Imaginemos un mundo donde los grandes escritores de ficción nunca tomaron la pluma. ¿Qué habría sido de Julio Cortázar si, en lugar de escribir «Rayuela», hubiera sido un profesor de literatura atrapado en la rutina académica? ¿O de Roberto Bolaño, si se hubiera conformado con ser un vagabundo eterno, sin plasmar sus «Detectives salvajes» en el papel? ¿Qué habría sido de Samuel Beckett si, en lugar de escribir «Esperando a Godot», hubiera sido un oscuro funcionario en una oficina gris? ¿O de Italo Calvino, si se hubiera conformado con ser un ingeniero, calculando estructuras en lugar de tejer «Las ciudades invisibles»?
¿Habrían resistido otra clase de oficio?
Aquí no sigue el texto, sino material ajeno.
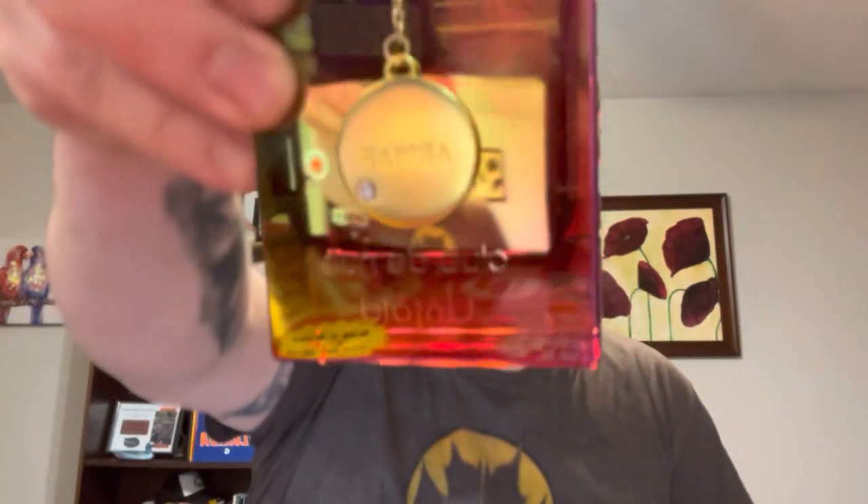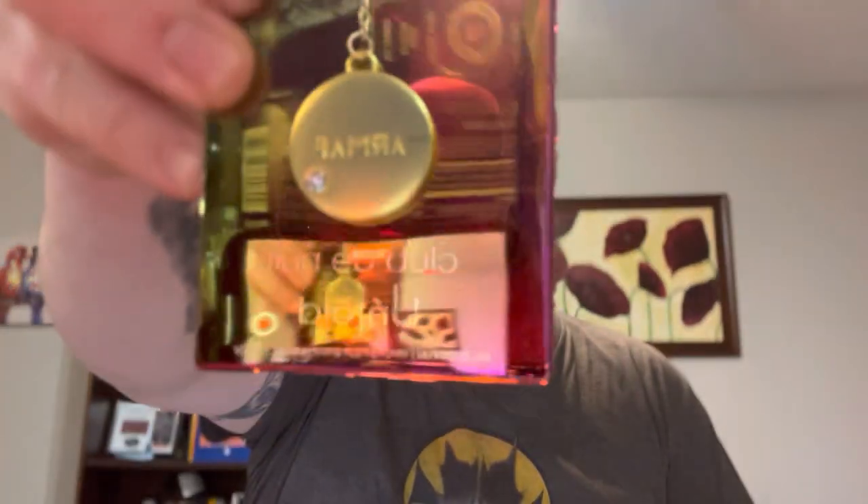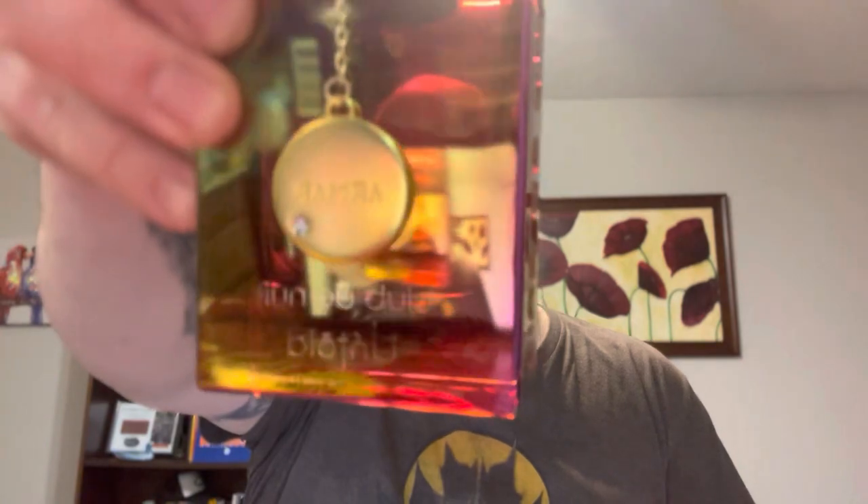Now, I do like the bottle presentation. It has that very reddish, almost sun-dyed-ish type of thing. It's very cool.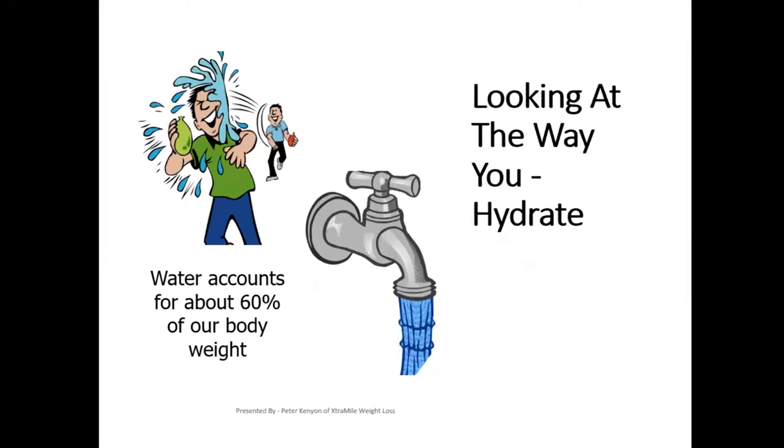We looked at how to snack when dieting, and we did this with a fun little how-to-snack quiz. Then we looked at the various types of hydration and the calorie content of each — so whether you're a coffee drinker, coffee with milk, coffee with sugar, coffee with milk and sugar. We looked at the various ways that you can consume water.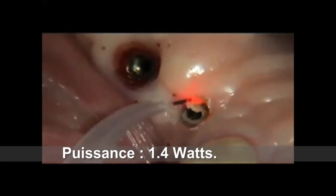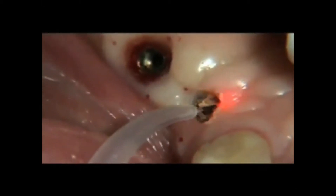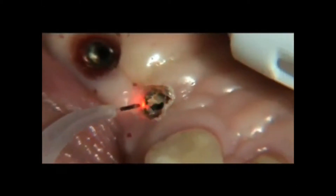Retainers that are not fully seated can eventually become loosened by occlusal forces, resulting in unstable restorations.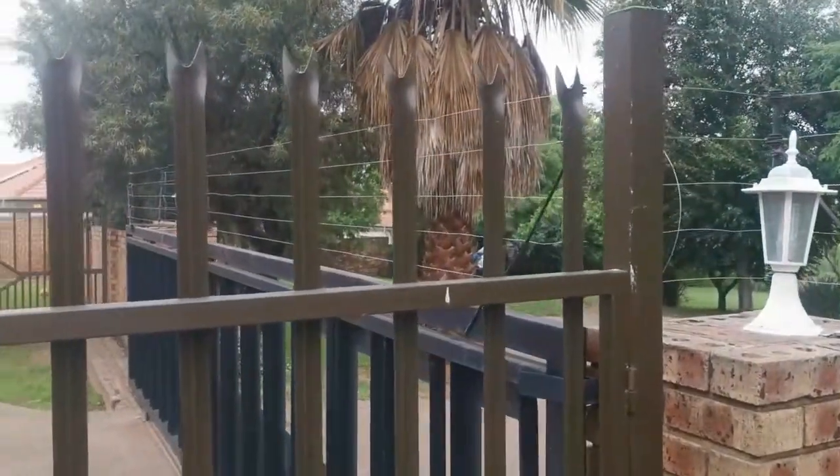Granted, I have to sand them down myself and stain them myself, but there's nothing wrong with that. Come check out what I'm doing — I'll take it step by step. All these palisades of mine are not exactly the same length.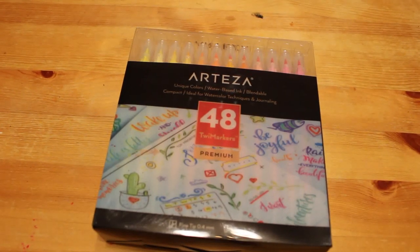Hi everyone, it's Andrea, welcome back to my channel. This is going to be a quick swatching video. Quick disclaimer: this is an adult channel and the videos on this channel are made for adults, and in no way shape or form intended for or made for children.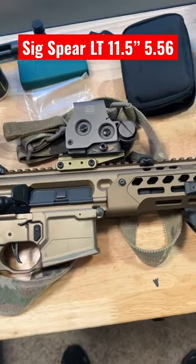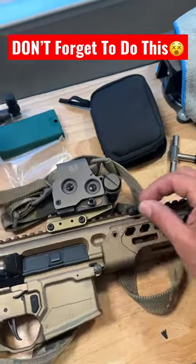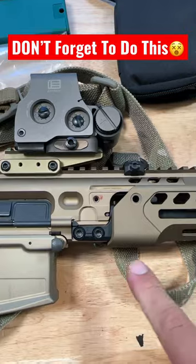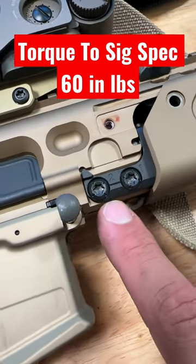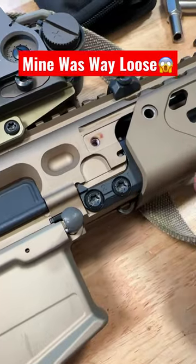When you get your new Sig Spear LT, make sure you do one thing: remove your hand guard screws, then pop your pin up. Slide your hand guard forward and check these two screws right here. You're going to make sure that these bolts are torqued down properly. Mine came loose from the factory, and this is what contributes to the Sig Spear barrel issue where it's bending to one side and not returning to center.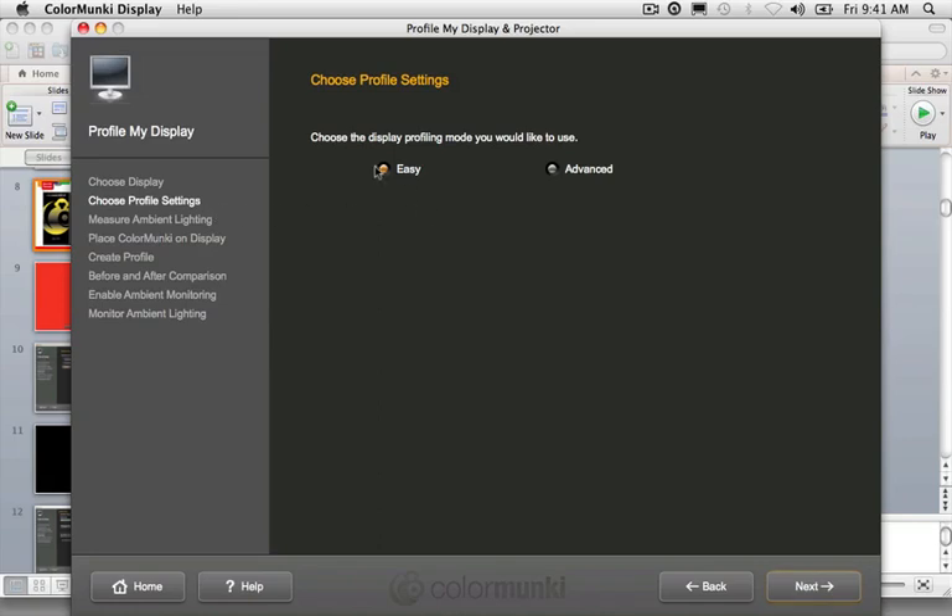On the next screen, you choose the display profiling mode: easy mode or advanced mode. In easy mode, you move directly into the calibration and profiling process — ADC is turned on, ambient light smart control will also be turned on, and flare correct will be turned off. If it's your first time profiling your display and you want to get through it quickly and get a very close monitor calibration and profile, just click the easy button and next.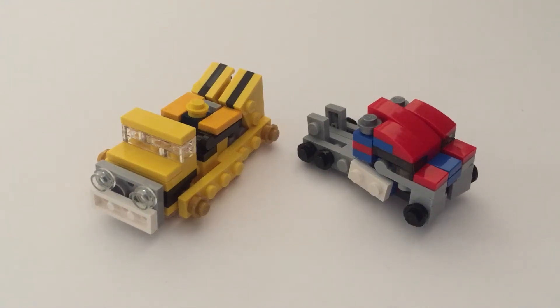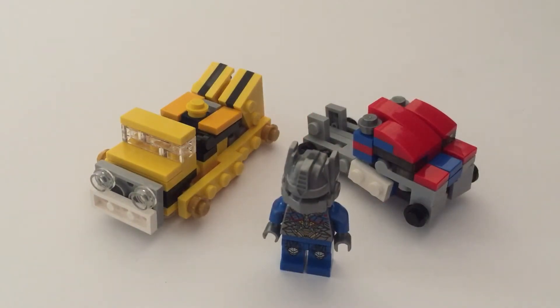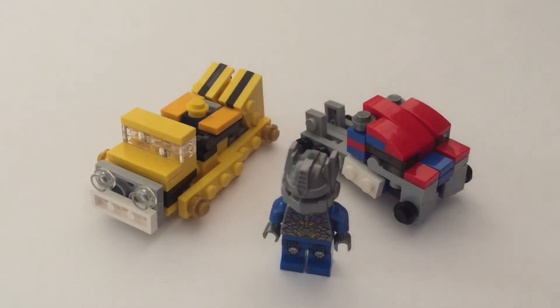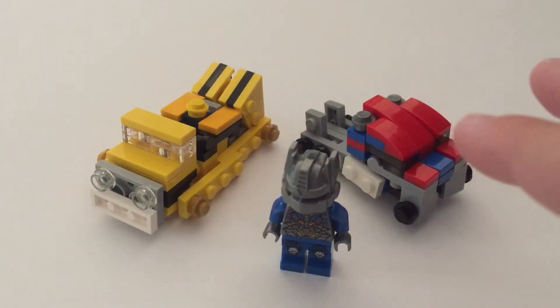What's up, Transformer fans! My name is Optimist Time, welcome to my channel. I build LEGO Transformers that actually transform. Here's Optimus Prime and here is Bumblebee — those are some of the ones I'll be showing off.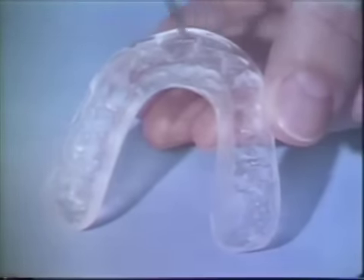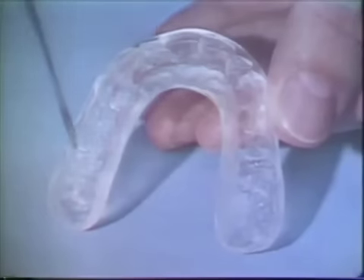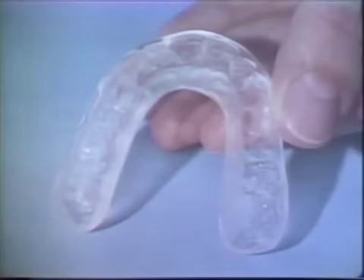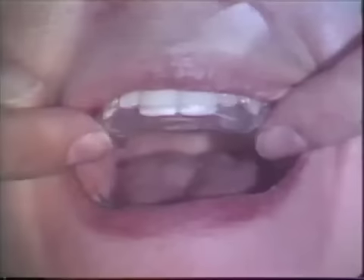Special attention should be paid to all occlusal surfaces. The bite plane is placed in the mouth and tested. It should seat perfectly without any rock. Self-curing acrylic should not be used in attempting to eliminate rocking, as adding acrylic to the tooth surfaces may cause movement of teeth.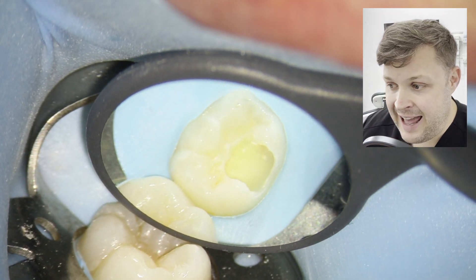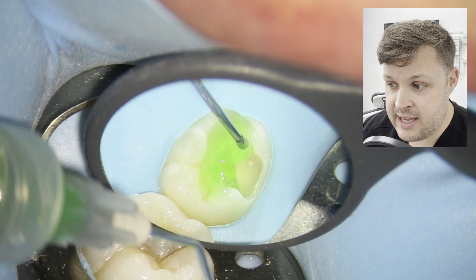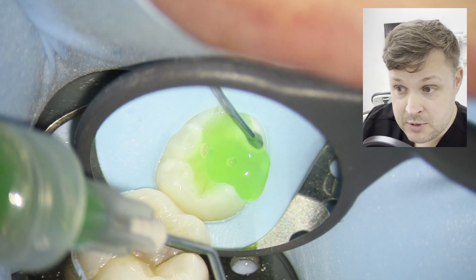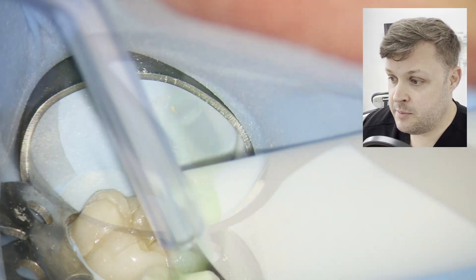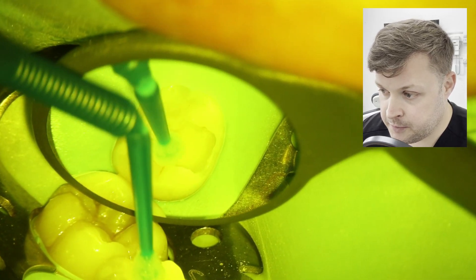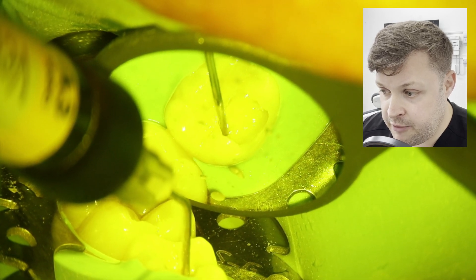I'm using a selective etching technique, placing the etch slightly around the cavity margin and also brushing it into the cavity itself, then washing it away. I'm using I-bond as the bonding agent, followed by a little bit of flowable composite over the top. This filling has quite a lot of layers, but that's to ensure longevity.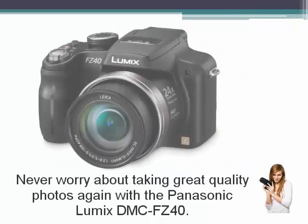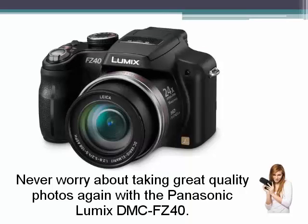Never worry about taking great quality photos again with the Panasonic Lumix DMC-FZ40.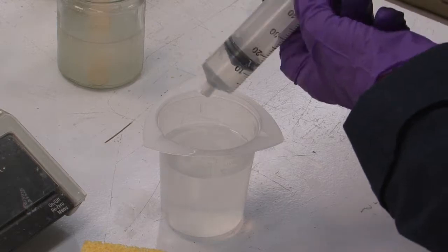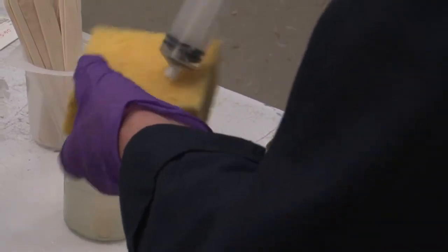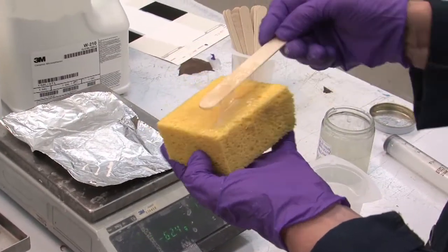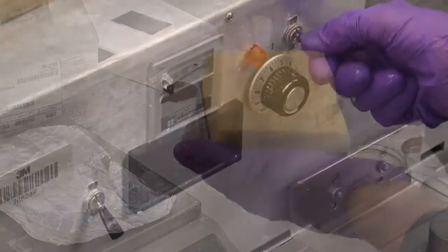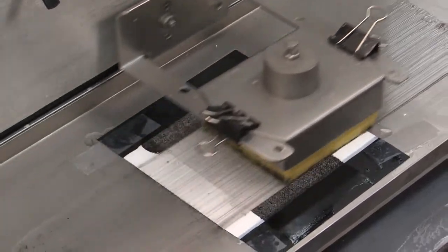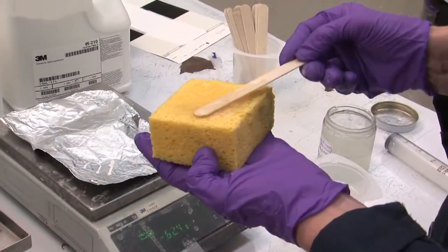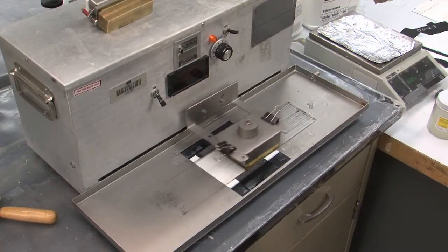We precisely measure the amount of standard non-abrasive liquid cleanser applied to the sponge. We run the test for 25 passes. Then we thoroughly rinse the sponge and reapply the cleanser. This process is repeated 4 times for a total of 100 cycles.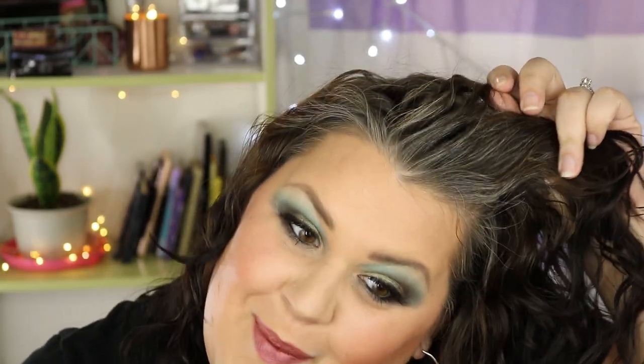Oh hi there! Welcome to my channel. My name is Leah and today we are going to talk about my gray hair. This is a topic that I get asked about all the time — it's my roots. As you can see I've got some definite sparkle going on up here in the front.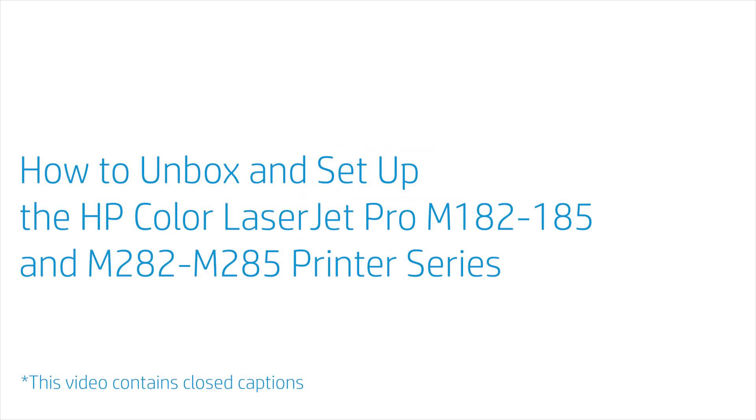How to Unbox and Set Up the HP Color LaserJet Pro M182-185 and M282-M285 Printer Series.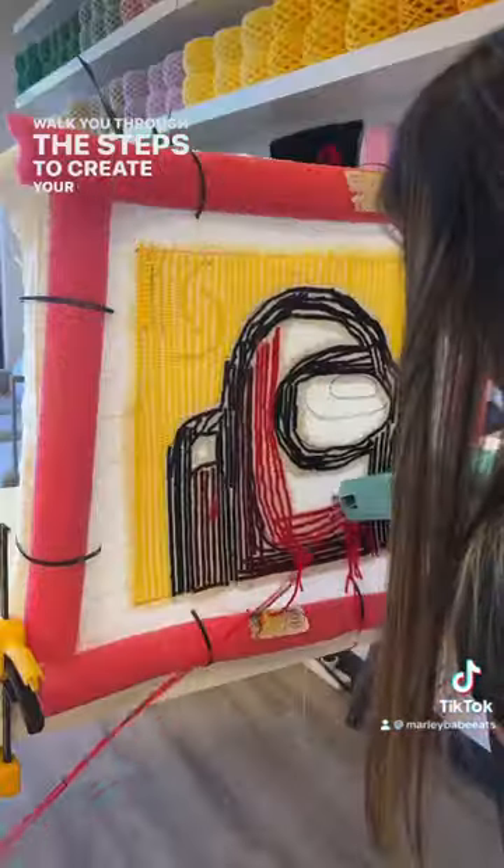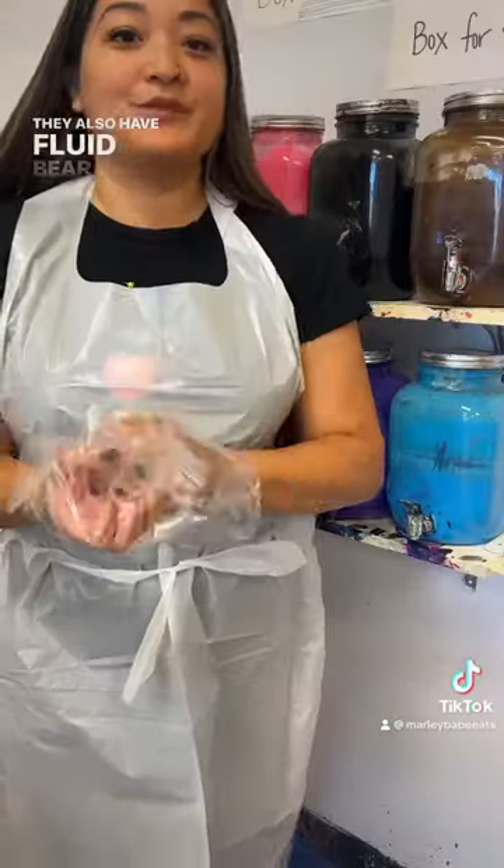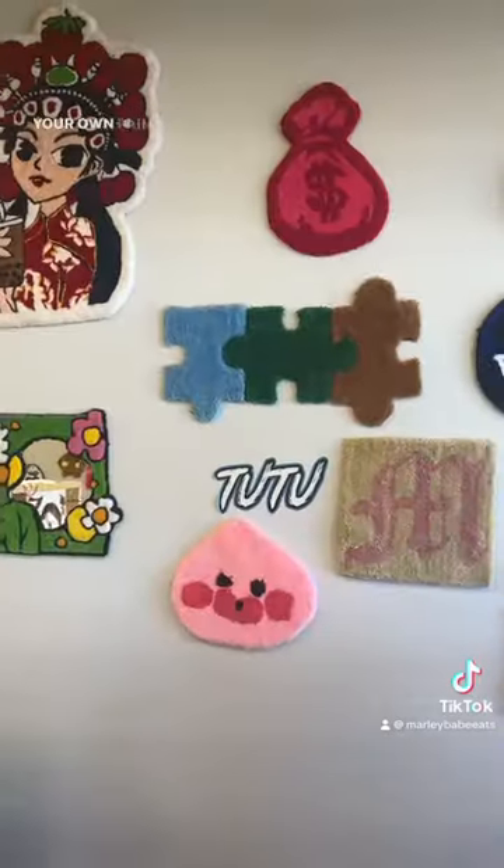It's such a fun activity and I loved how my rug turned out. They also have fluid bears where you can choose your own paint colors and pour on your bear.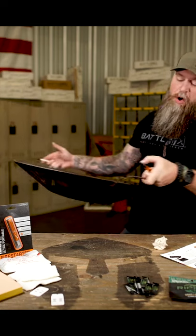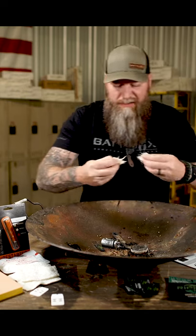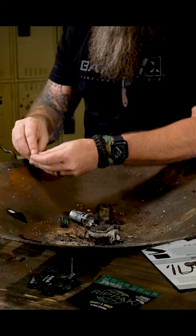Of course, we got to break out the wok. You see a lot of ferrocerium rods out there that shower sparks just like crazy — like a freaking roman candle coming off of them — which is great. But how hot is that spark?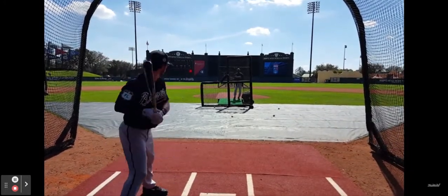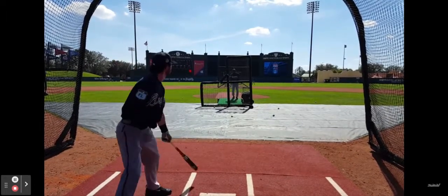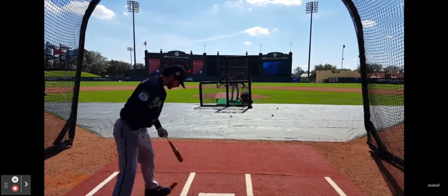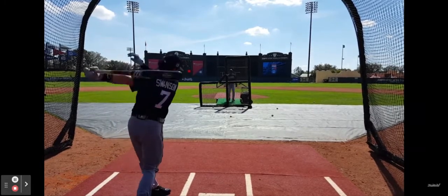Without the movement, there's really no chance that you'll hit it. You've got to move the bat if you want to be able to hit the ball.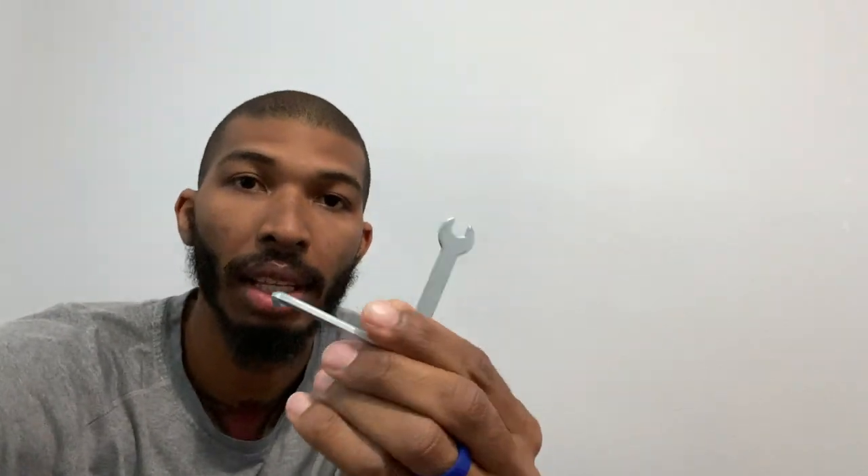I forgot to tell you guys that it comes with two tools. You don't need anything else — you'll get this one right here, but it also has a screwdriver on it. So it comes with these two tools; you won't need any other ones.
La escritura, para muchos de ell@s, no era solo una profesión, sino una necesidad vital. Sin embargo, ¿habrían sido más felices en otras ocupaciones? La felicidad es esquiva y no necesariamente se encuentra en el éxito literario. Tal vez Cortázar habría encontrado paz en la enseñanza, o tal vez no. Tal vez Woolf habría encontrado satisfacción en la lucha social, o tal vez no.
El mundo sin estos escritores sería un lugar más pobre en imaginación y reflexión. Sin Italo Calvino, no tendríamos «Si una noche de invierno un viajero» para perdernos en sus laberintos narrativos. Sin Elena Ferrante, la literatura contemporánea carecería de su aguda exploración de la identidad y la amistad femenina. Sin Haruki Murakami, no tendríamos sus mundos oníricos y surrealistas. Estos autores nos han marcado profundamente, no solo por sus historias, sino por la manera en que nos han hecho ver el mundo. La literatura, al final, es un espejo de nuestra humanidad, un reflejo distorsionado pero revelador de nuestras propias vidas.